* TASK TO CARRY OUT: For each entry below, copy the text exactly and leave out any picture.

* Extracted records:
┌────────
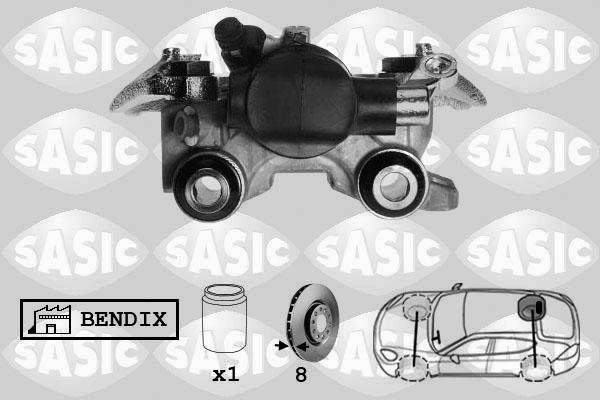 Sasic SCA0061 - Étrier de frein cwaw.fr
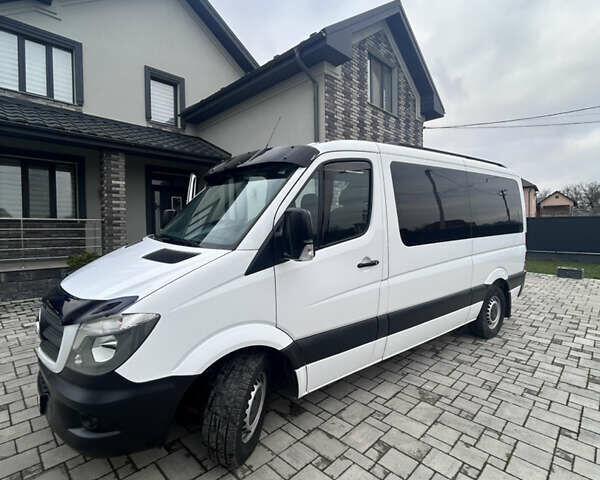 Білий Мерседес Sprinter, об'ємом двигуна 2.2 л та пробігом 280 тис. км за 20300 $, фото 1 на Automoto.ua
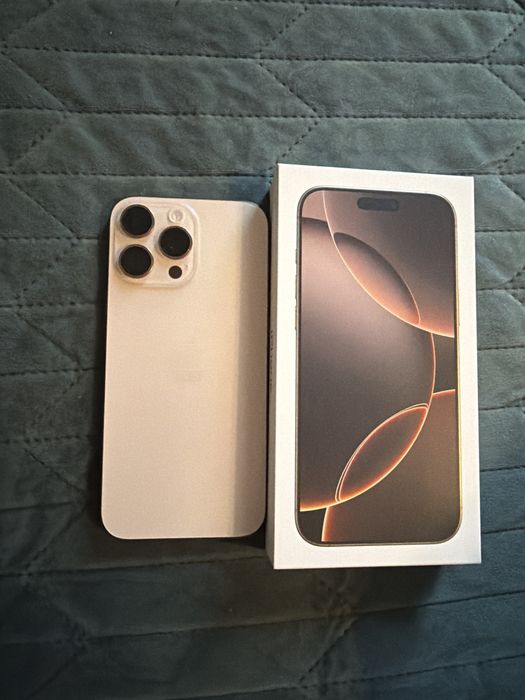 Iphone 16 Pro Max 256GB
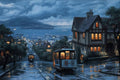 Poster  São Francisco - San Francisco - Paisagens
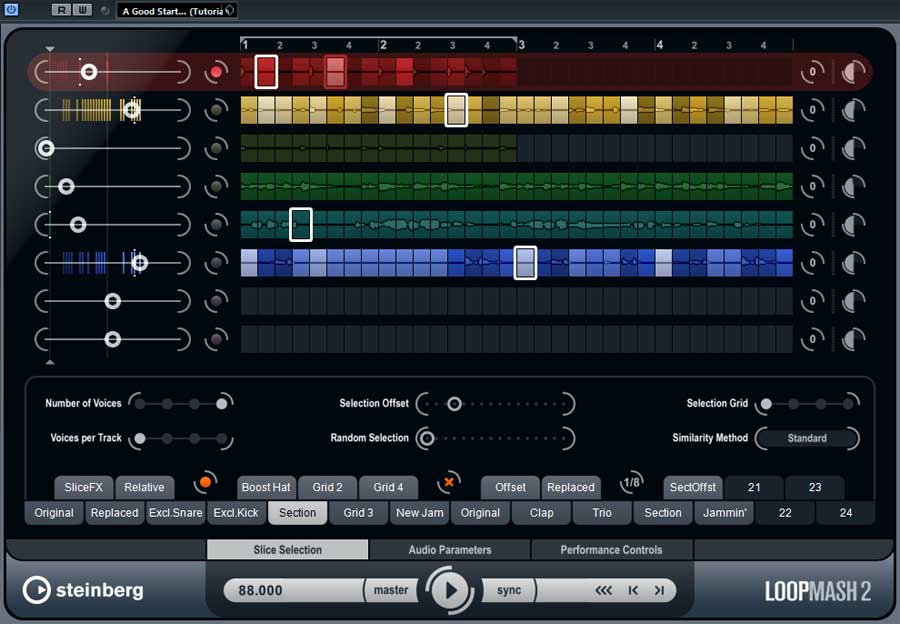 Steinberg LoopMash2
└────────
* SOLUTION TO THIS EXERCISE:
 Sasic SCA0061 - Étrier de frein cwaw.fr
 Білий Мерседес Sprinter, об'ємом двигуна 2.2 л та пробігом 280 тис. км за 20300 $, фото 1 на Automoto.ua
 Iphone 16 Pro Max 256GB
 Poster  São Francisco - San Francisco - Paisagens
 Steinberg LoopMash2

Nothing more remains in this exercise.